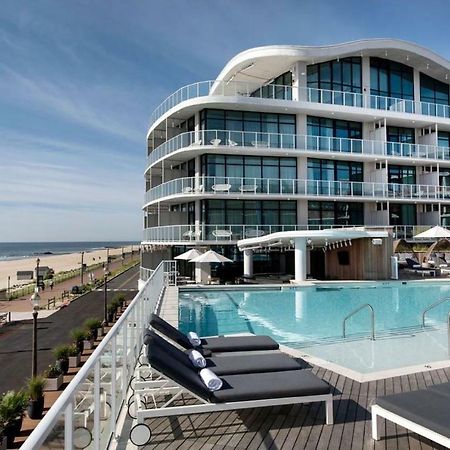 Wave Resort Long Branch Bagian luar foto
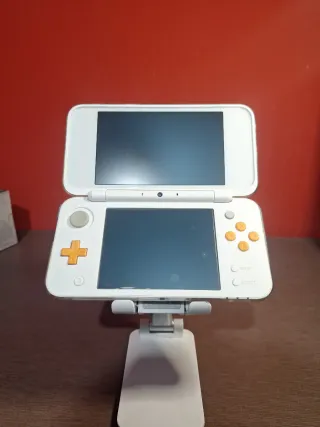 New Nintendo 2DS XL + Juegos + accesorios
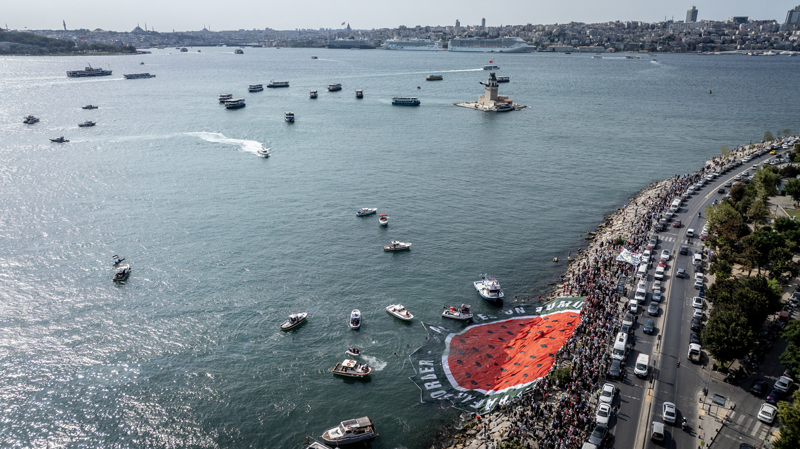 <p>'Her yer Gazze her yer direni�', '�stanbul'dan Gazze'ye direni�e 1000 selam', 'Nehirden denize �zg�r Filistin', 'Refah a��ls�n Gazze ya�as�n' ve 'Hamas'a selam direni�e devam' sloganlar� at�lan etkinlikte, kat�l�mc�lar�n yakt��� siyah sis me�aleleriyle g�rsel bir mesaj verildi.</p>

________________________________________

The listing must be repeated word for word, and none of its pictures may appear in the copy.

- [Expected output]
 Wave Resort Long Branch Bagian luar foto
 New Nintendo 2DS XL + Juegos + accesorios
 <p>'Her yer Gazze her yer direni�', '�stanbul'dan Gazze'ye direni�e 1000 selam', 'Nehirden denize �zg�r Filistin', 'Refah a��ls�n Gazze ya�as�n' ve 'Hamas'a selam direni�e devam' sloganlar� at�lan etkinlikte, kat�l�mc�lar�n yakt��� siyah sis me�aleleriyle g�rsel bir mesaj verildi.</p>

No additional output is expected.